If you refer back to the CDF file example while you are reading about the details of XML data structure (next section), you'll find it contains only the markup. Additional information about the markup's valid syntax is usually inserted just before the markup (directly in front of the <CHANNEL> tag). The syntax information is not necessary in this file because the XML spec allows it to be implied from context (in this case the .CDF filename extension in an HTML hyperlink provides the context). You can review the spec that describes the rules for valid CDF syntax that Internet Explorer 4.0 automatically supplies while we go over Defining XML Data Structure.
The W3C has identified design goals for the XML standard. One of those goals is to define a precise structure for XML markup so it is easy to parse and straightforward to understand. As a result, the rules for constructing start tags, end tags, attribute name=value pairs, and so on, are spelled out very clearly in the (draft) XML syntax spec. But the basic XML syntax rules only determine whether XML markup is well-formed, that is, whether a piece of XML markup conforms to the basic rules for how all XML markup must be constructed. To determine whether an instance of XML markup is valid, you need to determine whether it conforms to the rules for that data type -- each XML data type has rules for what elements are allowed enabled and exactly how they are pieced together. To that end, XML documents have two parts: the prolog declares the element names, attributes, and construction rules of valid markup for that data type, and the document instance contains the actual markup. Thus, the XML markup contained in the document instance is valid only if it conforms to the rules laid out in the document prolog.
The prolog section identifies an XML document or code fragment, and includes the information needed to parse the data in the file. The prolog section includes several kinds of declarations, statements that define the construction rules for that data type.
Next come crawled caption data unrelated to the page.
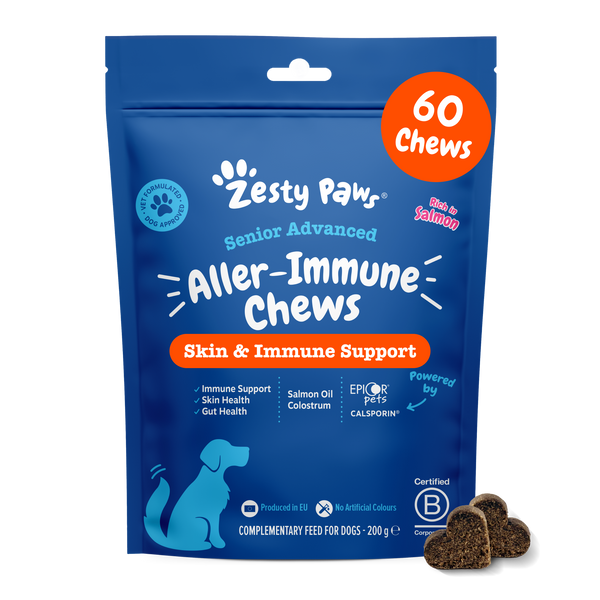 Zesty Paws Senior Advanced Aller-Immune Chews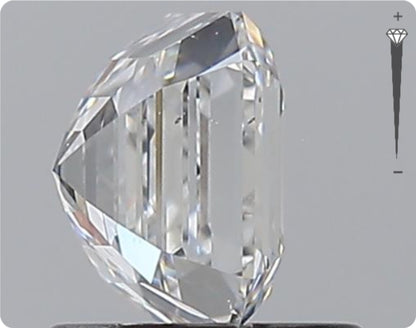 Diamant naturel GIA 1,08 ct | Couleur E | Pureté VS2 | Ovale | EX EX EX #D10202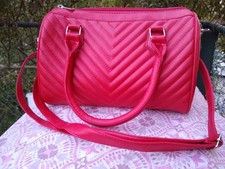 Sac à main en simili cuir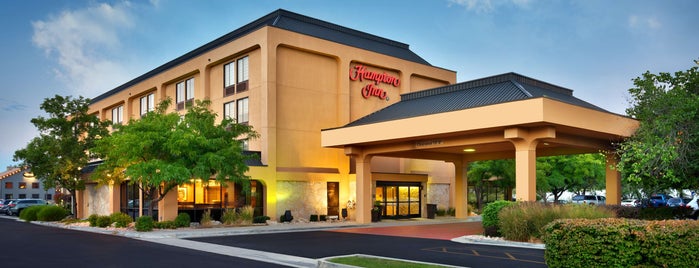 Hampton by Hilton is one of AT&T Wi-Fi Hot Spots- Hampton Inn and Suites #6.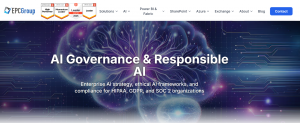 Enterprise AI compliance, risk management, AI governance model auditing and ethics frameworks for Fortune 500 as well as companies of all shapes and sizes. Whether you are deploying Microsoft Copilot or building custom AI on Azure, EPC Group understands h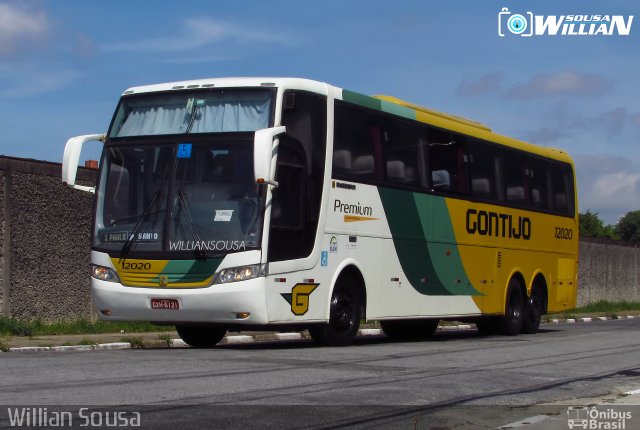 Empresa Gontijo de Transportes 12020 na cidade de São Paulo, São Paulo, Brasil, por Willian Sousa. ID da foto: 5208594.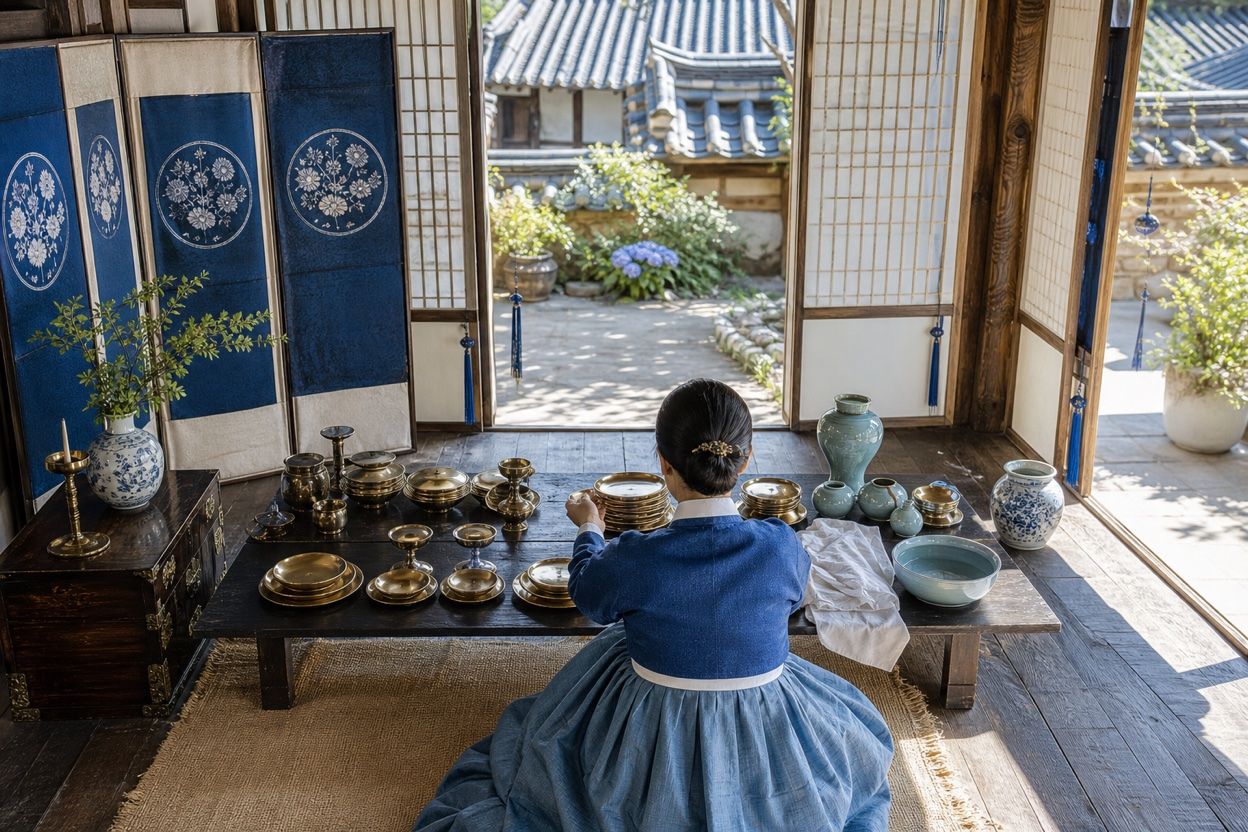 명절 상차림을 두고 갈리는 집안 — 대개 세 가지 모습으로 나뉩니다 · 본문 중간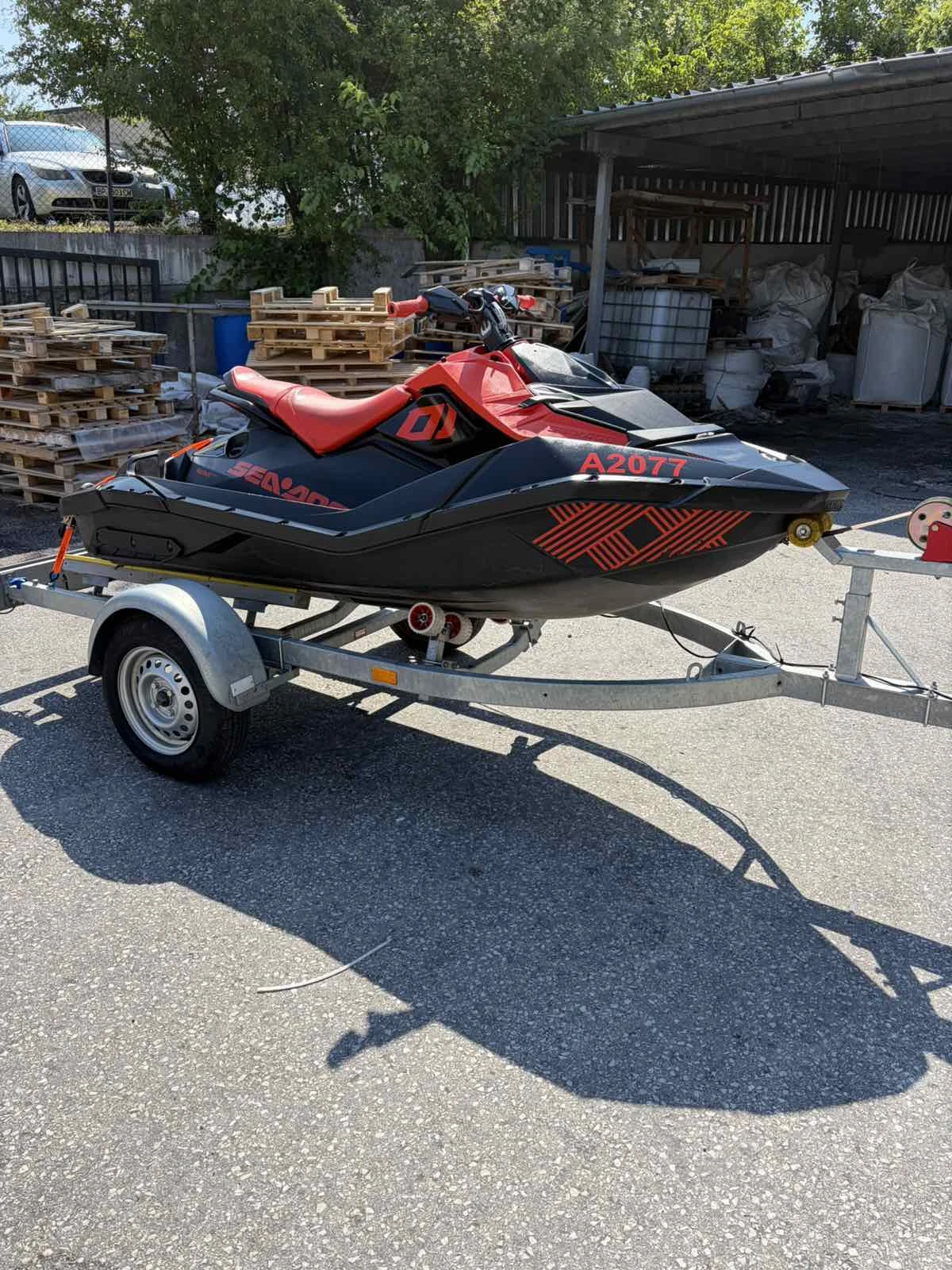 Джет Bombardier Sea Doo Trixx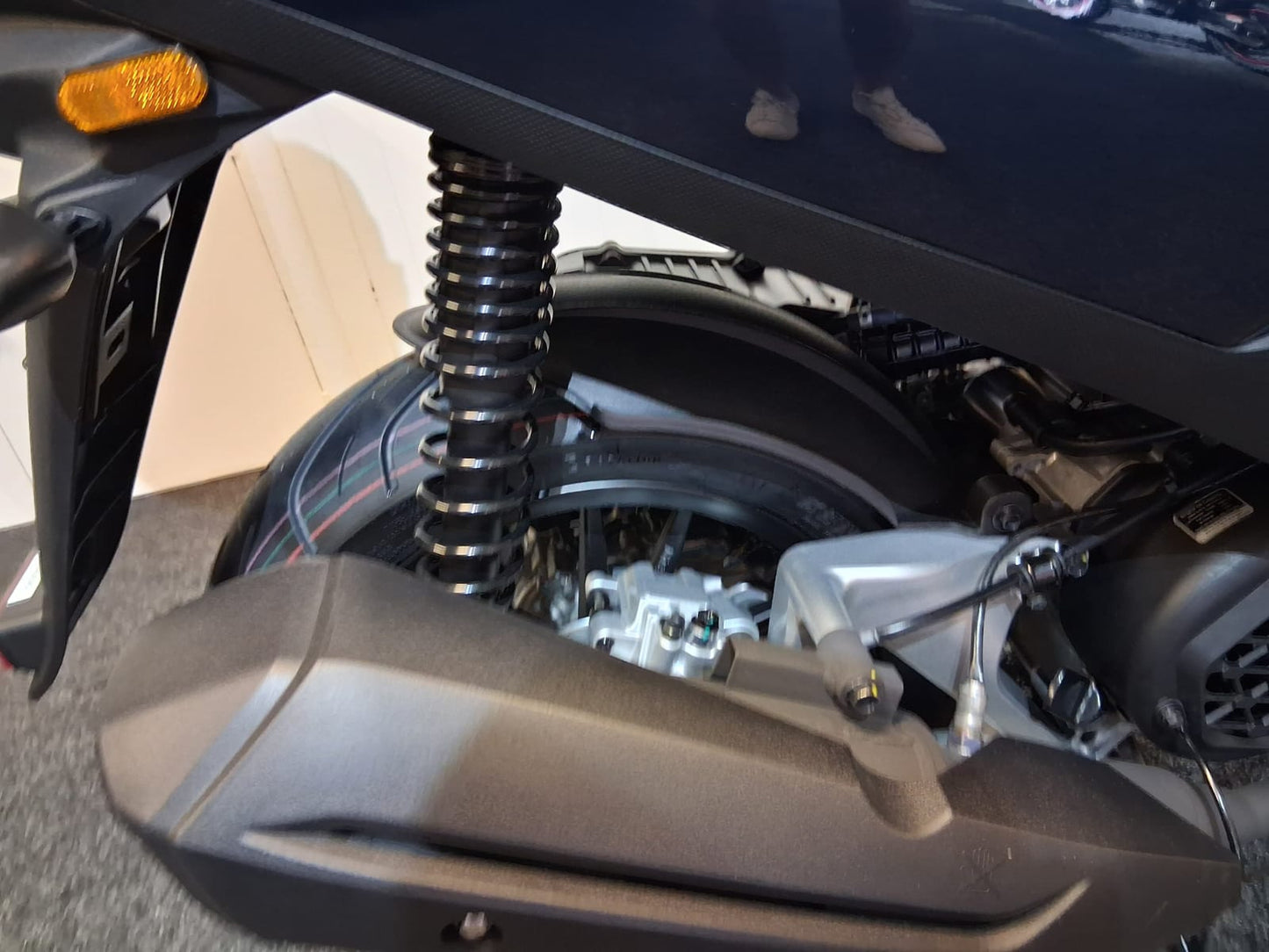 Kymco Sky Town 125 - Blue - £2854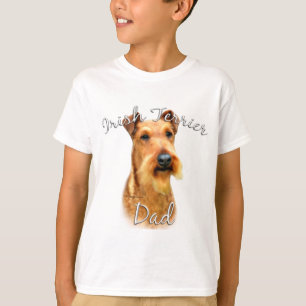 T-shirt Pai 2 de Terrier irlandês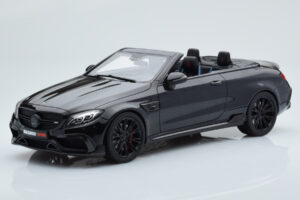 Mercedes Brabus 650 Cabriolet Preto GT Spirit 1:18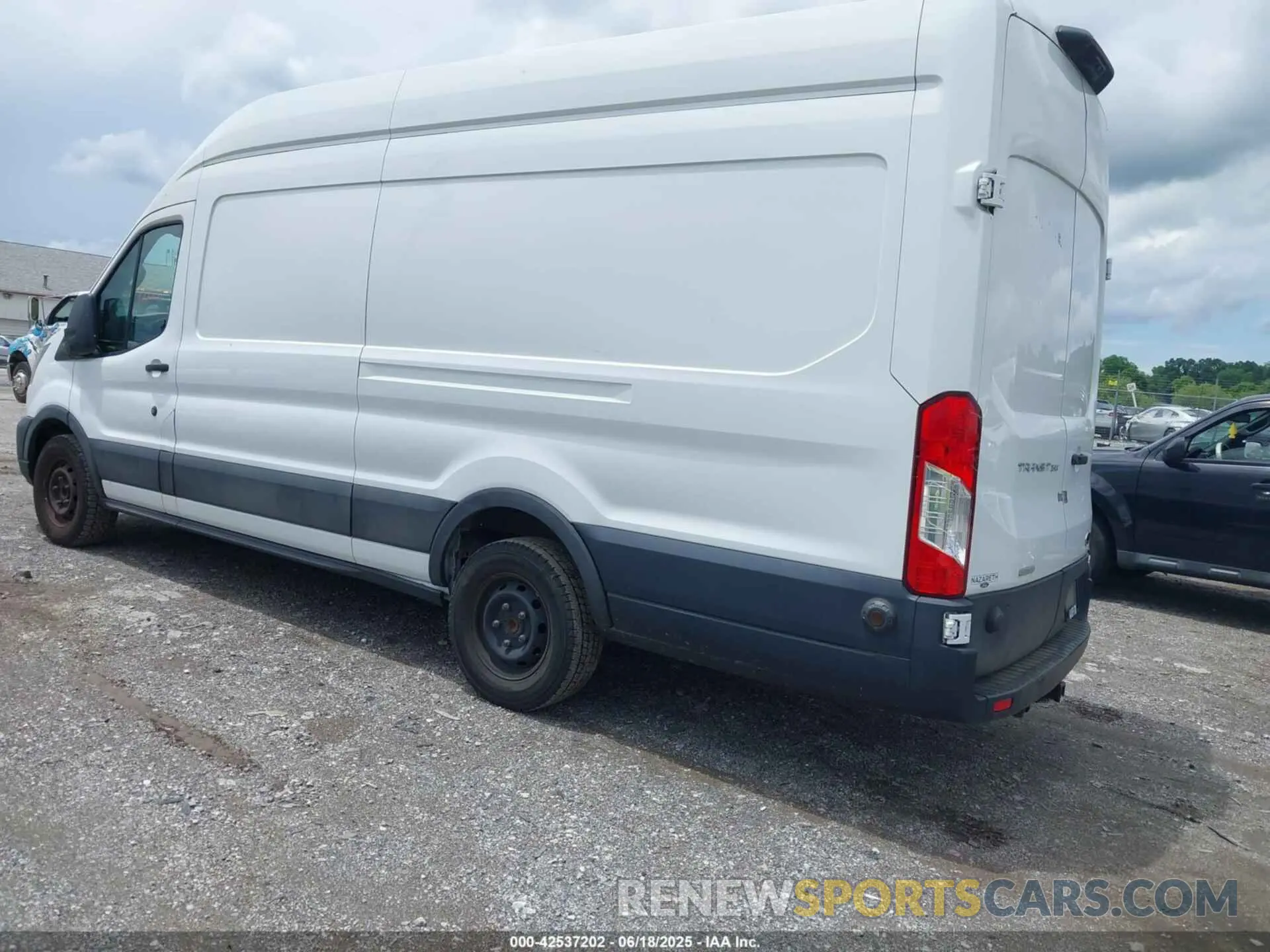 3 fotografías del automóvil dañado 1FTBW3XG0LKB35256 FORD TRANSIT-350 CARGO VAN 2020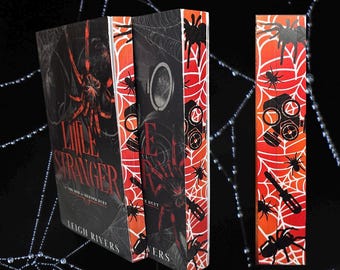 Little Stranger & Liar Book Set: Stenciled Edges, Spider Design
The XML declarations use processing instructions. The DOCTYPE declarations together describe what is called the Document Type Definition (DTD), the rules by which the data must abide to be valid. Element names and their valid hierarchical structure, together with their allowed attributes and entities (the ELEMENT, ATTLIST, and ENTITY declarations), are declared in the DOCTYPE processing instruction and define the complete set of XML markup that authors can use in the document. As a group, the declarations are referred to as internal or external, depending on whether they are in the same file or in another file. The syntax for building DTDs from these declarations enables authors to describe documents with a high degree of structural complexity. Let's look at each kind of declaration and how to use it.
XML declaration
The first line of the prolog is an XML declaration:
<?xml Version Encoding RequiredMarkupDeclaration?>
The <? and ?> delimiters indicate a processing instruction for an XML parser. The XML processing instruction indicates an XML document, and includes:
Immediately following the XML declaration are the document type declarations that define this type of XML data. Sometimes an application can determine the data type from context (such as a filename extension), in which case document type declarations are optional because they are built in to the application or the it knows where to find the DTD information. In our CDF example file, the DOCTYPE declarations are not necessary. If declarations are present, the following format is observed:
<!DOCTYPE Name SYSTEM ExternalDeclarations [InternalDeclarations]>
The <! characters are an open delimiter for a document type declaration, and the DOCTYPE declaration contains these document type declarations:
To construct the elements that comprise a DTD you use an element declaration:
<!ELEMENT Name Content>
Name, of course, is the element's name, and is analogous to a unique data type. Content indicates other elements and character data that can be contained by the Name element type, and is constructed using its own grammar, that is, rules for how the content elements are structured. The grammar for the content in an element declaration can:
Because you're familiar with HTML you know that most elements have attributes. In XML, you can build your own attributes list in a DTD by using the attribute list declaration:
<!ATTLIST ElementName AttributeName AttributeType AttributeDefault>
ElementName is the name of the element to which the attribute information applies. Only one ElementName is used, but because any number of attributes may be applied to it, multiple attribute definitions can occur in an ATTLIST declaration. You can give each attribute a name, declare the type of value that may be associated with it, and whether the attribute must be present or can be implied from a default value supplied in the declaration. You can also indicate the attribute as a flag that should not include a value at all. The grammar for indicating the attribute's type is a little complicated, but lets you specify whether the attribute value is:
You build the entities for a DTD using the entity declaration:
<!ENTITY Name Value>
Entity references declare replacement text for an escape sequence. The escape character used, as in HTML, is the ampersand. Entities can come in handy when you want to standardize boilerplate types of material. For example, if Name is &MyTitle and Value is Master of my Destiny, all occurrences of &MyTitle in character data would be replaced by Master of my Destiny. You can also declare an entity called a character reference to insert characters that cannot be typed on the keyboard of the authoring platform (you are probably familiar with character references from HTML).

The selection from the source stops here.